Com a palavra Eu

Eu e as palavras. Eu já é uma palavra. Mas eu não é igual a meu nome e a mim. Embora eu toda seja composta de palavras, nem todas são minhas, nem todas. Eu fico pensando em algumas palavras e como eu não as uso. Saudade é uma delas. Eu nunca dizia: Saudade. Eu falava “quanto tempo” e “sinto sua falta”, nunca saudade. Saudade é palavra única, como sabemos. Mas na verdade todas as outras o são. Eu também. Eu é palavra única. Eu sou única também. Quem me dera parecer com alguém a quem admiro, Clarice, Fabrício, Jesus. Estou longe, muito longe de parecer-me ainda que um milímetro de pele, ou um fio de cabelo, ou uma vírgula de uma frase, estou longe de lembrar qualquer um deles. Não são ídolos, são referências. Refiro-me às palavras. As palavras que me vêm às vezes sem querer e às vezes não me vêm propositalmente. Eu fico olhando para alguém, com alguma frase que não sei bem presa à garganta e meus olhos fixos em algo, parece que vai sair e não sai. Às vezes eu ia dizer: Eu te amo. Às vezes eu ia dizer: Não. Às vezes eu ia simplesmente e não vou. E não digo.

Gosto das palavras, mas em geral são meus silêncios que me definem. Porque através do silêncio é que os outros descobrem nas entrelinhas o que penso e o que sinto. E dá certo. Esses dias mesmo numa reunião, eu não abri a boca, a não ser pra rir. Depois me cobraram, disseram que ando muito quieta. Eu expliquei em poucas palavras, se fico quieta é porque não concordo. Questionaram: então você não tem concordado com nada? Me calei e ri. Às vezes o silêncio é nossa melhor resposta, mesmo pra nós que amamos escrever, ou como eu que sonho em viver das palavras, embora já viva delas, mas não como gostaria. (Silêncio... que é mesmo que eu gostaria, com que mesmo eu sonhava quando comecei a me reconhecer como gente?)
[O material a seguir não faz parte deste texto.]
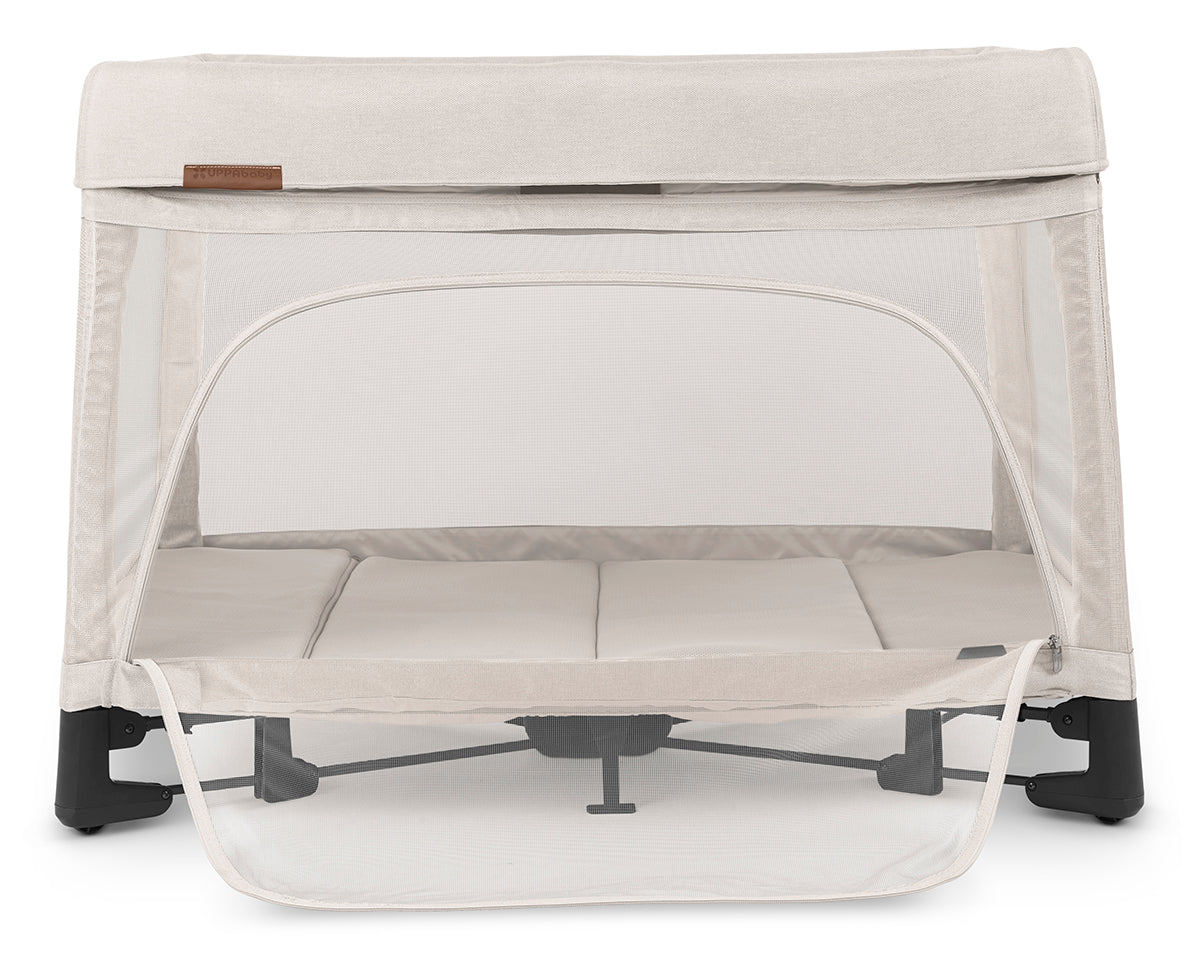 UPPAbaby REMI Playard - Charlie (Sand Melange)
Não sei ao certo. Sei que sempre, sempre foi através das palavras que me expressei. Às vezes em prosa, às vezes em poesia, tenho até versos cantados com belas melodias, mas ainda assim eles não são eu. Eu sou esse silêncio. Essa voz que não se ouve. Esse abraço que não se deu. Essa mentira que não se contou. Essa verdade que não se quis ouvir. Eu sou tudo isso que se esconde, atrás de palavras tantas, que se perdem e se encontram e se salvam e sucumbem. Escrever é o mesmo que tomar remédios de farinha e açúcar. É seco, doce e parece que melhora, mas na verdade não melhora nada. A dor continua ali. Eu, eu continuo aqui,  eu.